She cradled the phone between her ear and shoulder as she tried to put on her suit jacket, but it was too hard to balance, so she briefly conjured up a bit of wind-magic to keep the phone afloat while she slipped it on. "Yes, they seem rather hungry for our online databases. I'll admit, we've a rich supply of biological information about _gobs_ of species, and how they best respond to pokeballs. Seeing as they just _love_ to mass-capture pokemon, especially the more difficult-to-manage ones, they'd love the kind of information I have. I _hate_ that I have that information, of course, but… well, it's a necessary evil…"

Azi was silent for a bit.

"Are you able to hear me?"

"Yeah. Cath, there's something you need to know."

She glanced at her watch again. "I have five minutes."

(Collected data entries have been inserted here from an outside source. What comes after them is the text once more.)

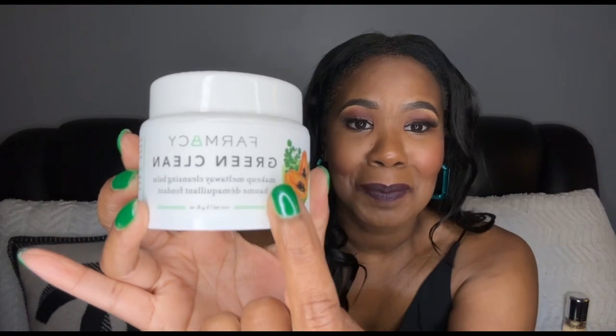This is an amazing product. I highly recommend the Farmacy Green Clean Makeup Melt-Away Cleansing Balm — it smells really, really nice too, which is a great plus. I'd recommend it 10 out of 10.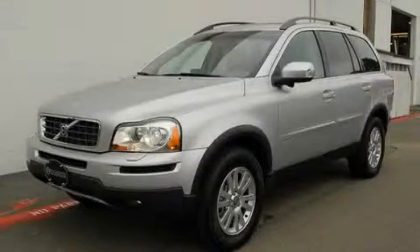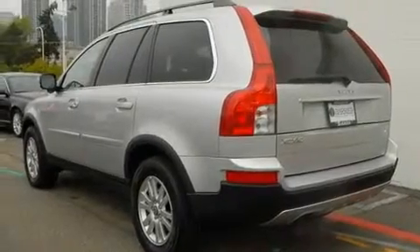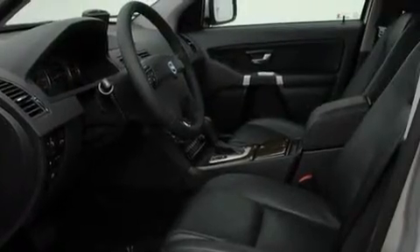This is a certified pre-owned 2008 Volvo XC90, a luxurious package designed with the finest elements in mind. It has a 3.2 liter 6-cylinder engine, an automatic transmission, and 4-wheel drive.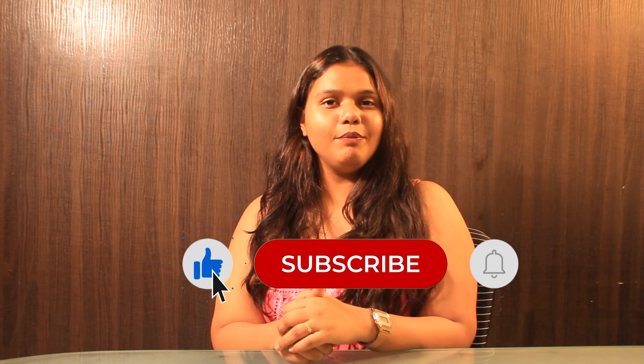Once you get admitted to the university, the very last step is the visa process, and GradDreams is here to help you with free visa assistance right from form filling to date booking. That was it for the video — if you liked it, please like, share, and subscribe to our channel. Hit the bell icon for more updates from GradDreams.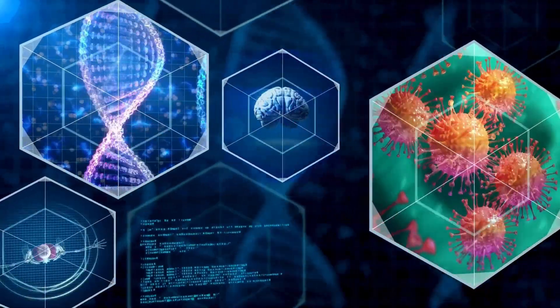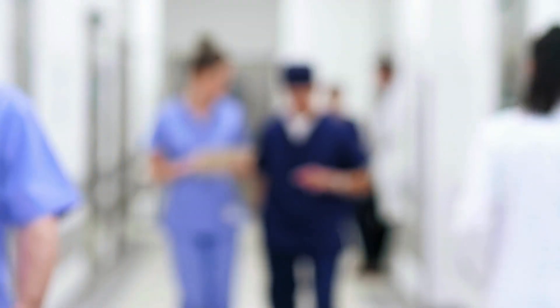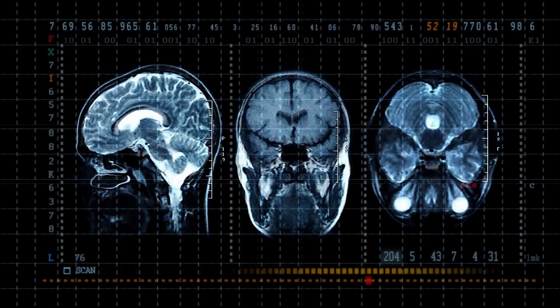The symptoms of sickle cell anemia can include episodes of severe pain, known as sickle cell crises, which can affect the chest, abdomen, and joints. People with this condition often experience fatigue and weakness, as the body's tissues are not getting enough oxygen.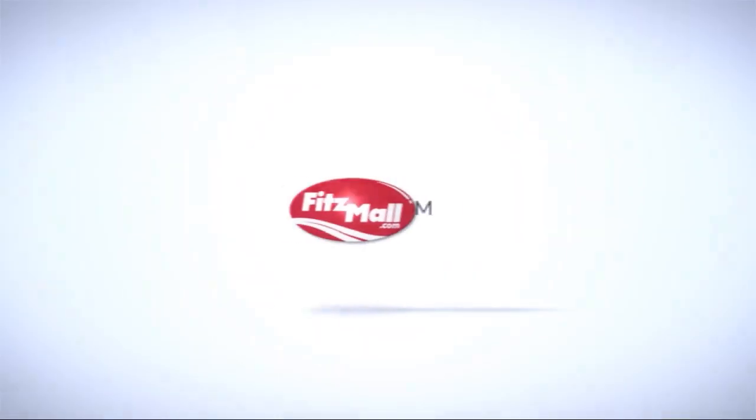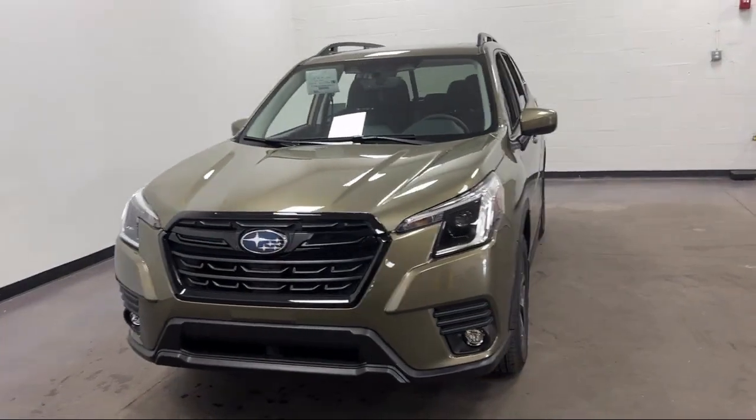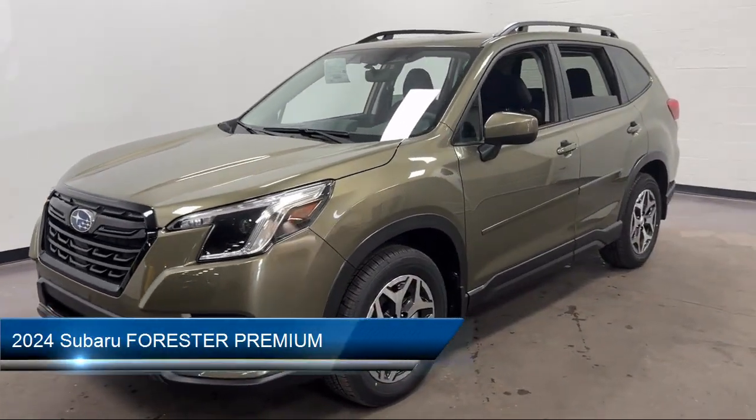For over 55 years, the Fitzway has been satisfying customers time and time again. And here's a look at one of our great vehicles from our huge selection.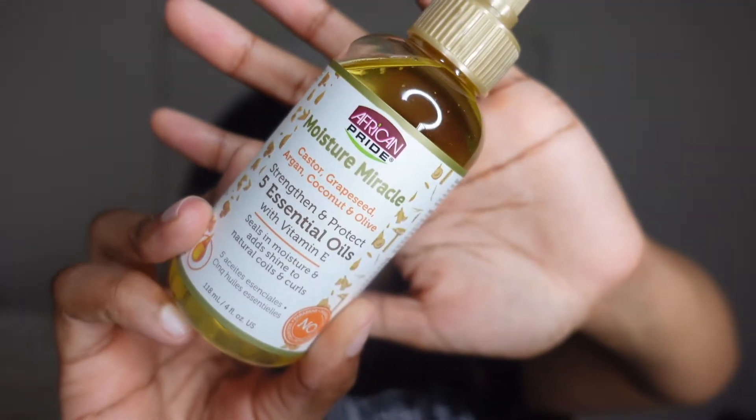The second to last thing I have is the African Pride Moisture Miracle Five Essential Oil. This stuff smells so good — this is my second time buying it; I think I got it for four dollars at Dollar General. It has five oils: castor oil, grapeseed oil, argan oil, coconut oil, and olive oil. It mainly smells like grapeseed oil — literally like grapes — and I love it. It makes my hair and scalp smell amazing. I also love African Pride's leave-in conditioner, I think it's the one with coconut milk and honey.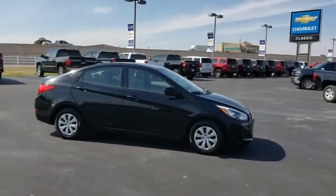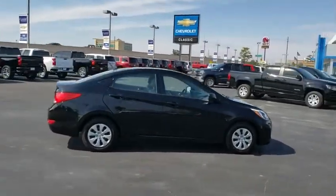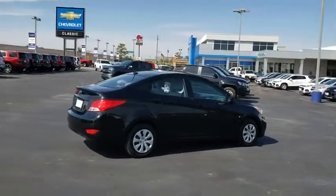This vehicle has less than 40,000 miles. Here are some of this vehicle's great options: stability control,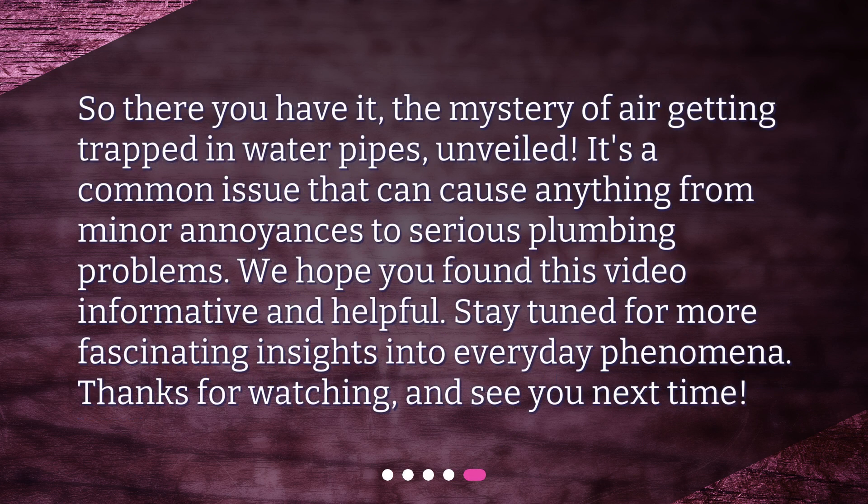So there you have it — the mystery of air getting trapped in water pipes, unveiled. It's a common issue that can cause anything from minor annoyances to serious plumbing problems. We hope you found this video informative and helpful. Stay tuned for more fascinating insights into everyday phenomena. Thanks for watching, and see you next time.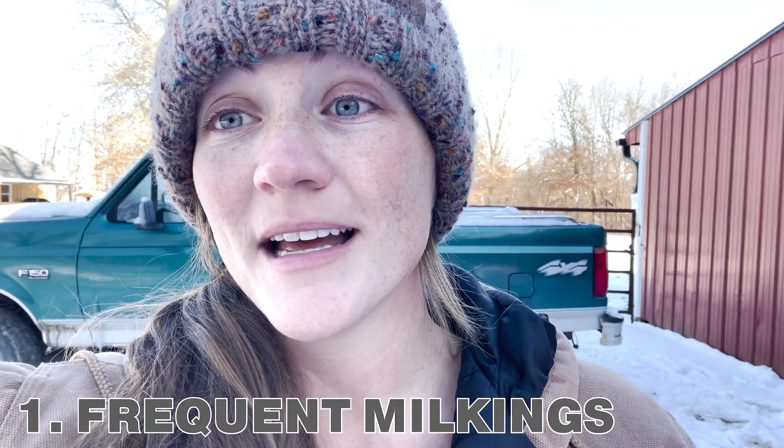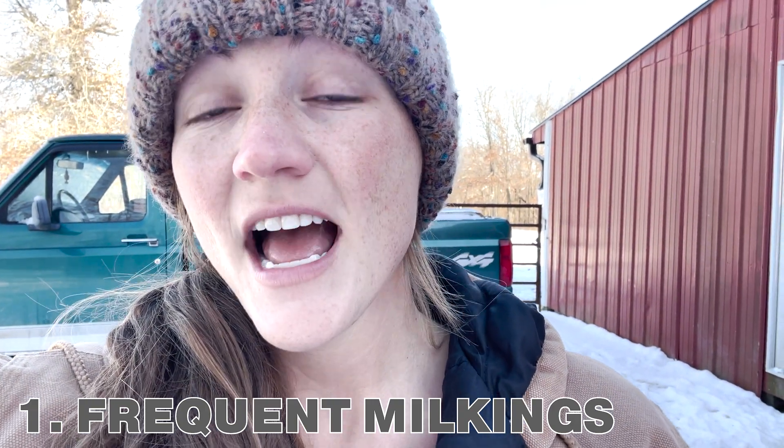Here is what we did to treat mastitis naturally. First off, frequent milkings — like three to four times a day. You really can't milk her out enough. So get all the milk out. What we typically do is milk with the machine and then also hand milk out just every drop that you can get out.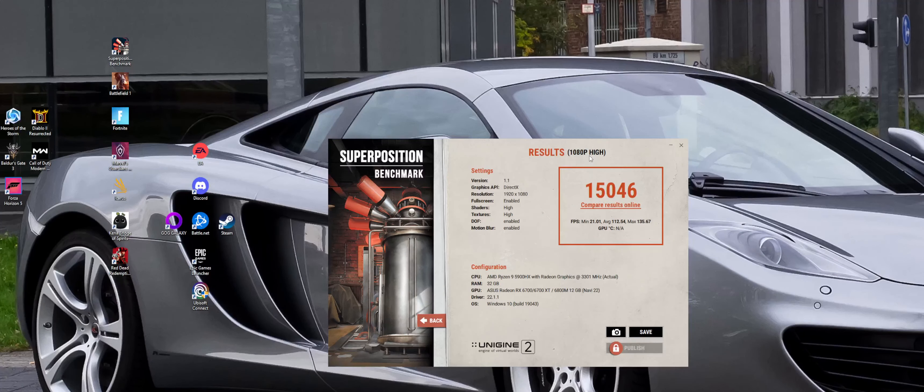Here's what we got on 1080p high: 15,046, minimum 21 — so we got pretty low there right between screen changings or whatever — average 112 though, and max 135. So let's go see what the hardest one to run will get.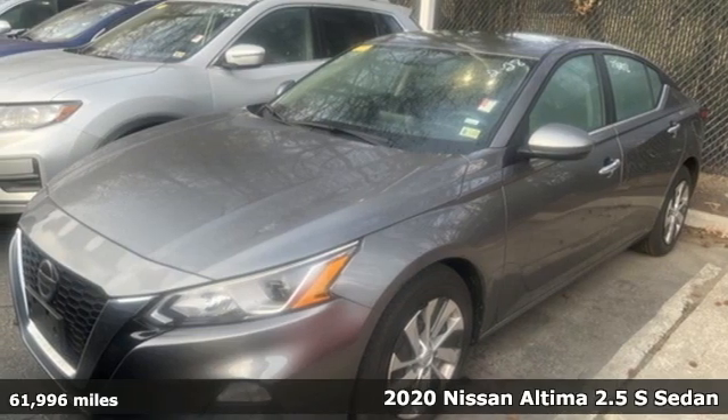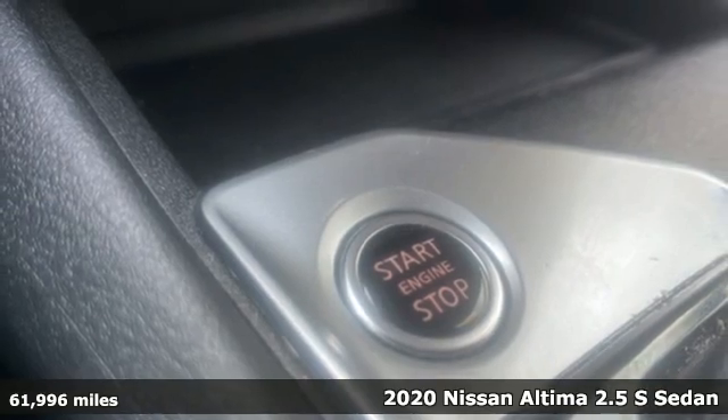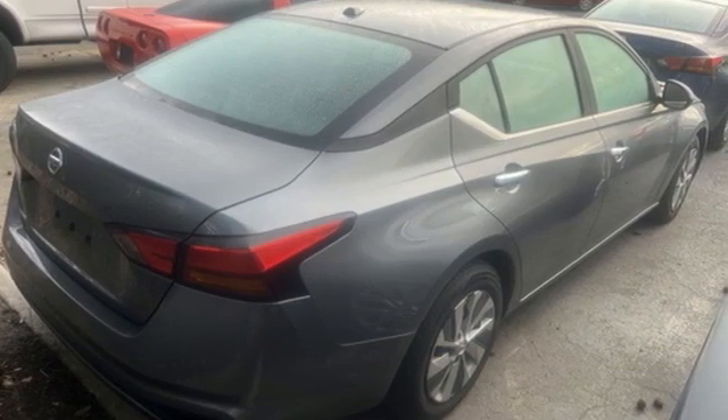It's a 2020 Nissan Altima. This sedan comes equipped with a suite of standard safety, driving, and convenience features aimed to inspire certainty behind the wheel. It comes with great features you'll love.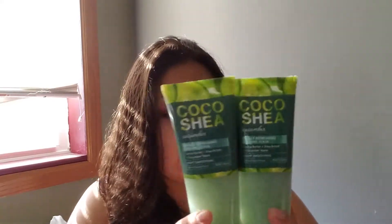I'll start with the online order. I was looking for some body scrubs and I ordered from the Coco Shea brand. These totaled $38.78 for six of them. I'll start with the ones I'm currently using — this is the Coco Shea Cucumber, a really refreshing foaming scrub. I got three of these, all in eight ounces.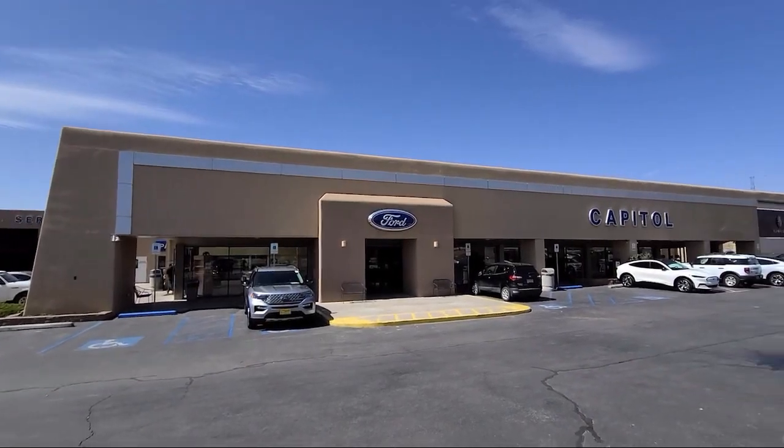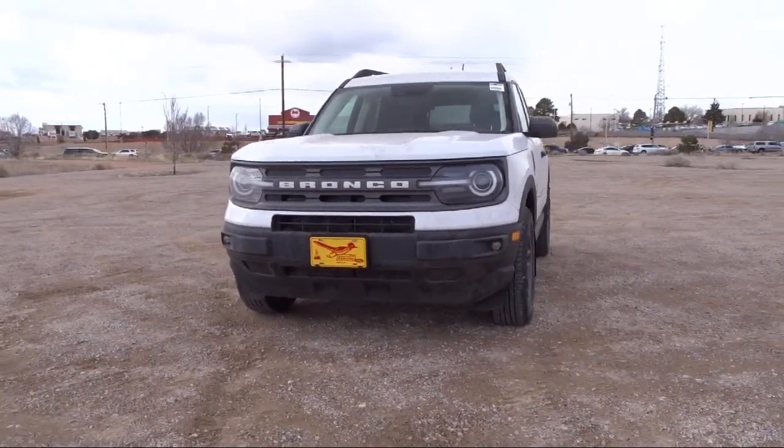Welcome to Capital Ford Lincoln, and here's a look at one of our great vehicles for sale.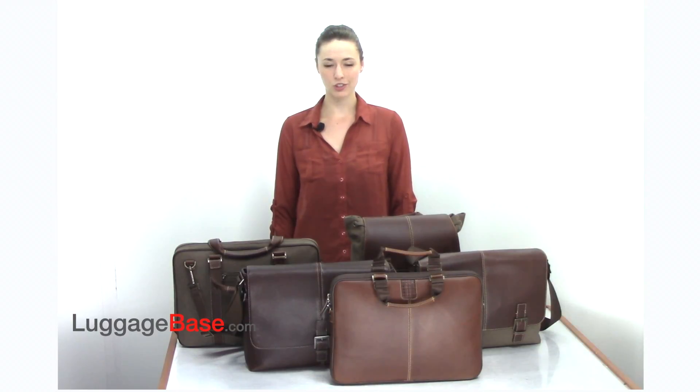Bakani's excellent craftsmanship combines luxurious and durable Italian leather with classic hardware and quality linings to create bags that are as functional as they are stylish. Come check it out with us here at Luggage Base.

"The Griseous Orb has been stolen."

She almost dropped the phone. Gira's face came into her mind, and she refused to dwell on that horrible emptiness in his eyes. She lowered her voice to a furious, hushed tone. "My dear sister, might we prefer to speak of this _elswhere_ – "

"I took fingerprints, searched databases everywhere. No results. I think it's Galactic. I mean, they've stated on TV interviews that they believe in Legendaries. The world shrugged it off and made laughingstocks of them, but don't you think they're… onto something? Before I thought it was ghosts, but after hearing about what they just did to you, I thought maybe…"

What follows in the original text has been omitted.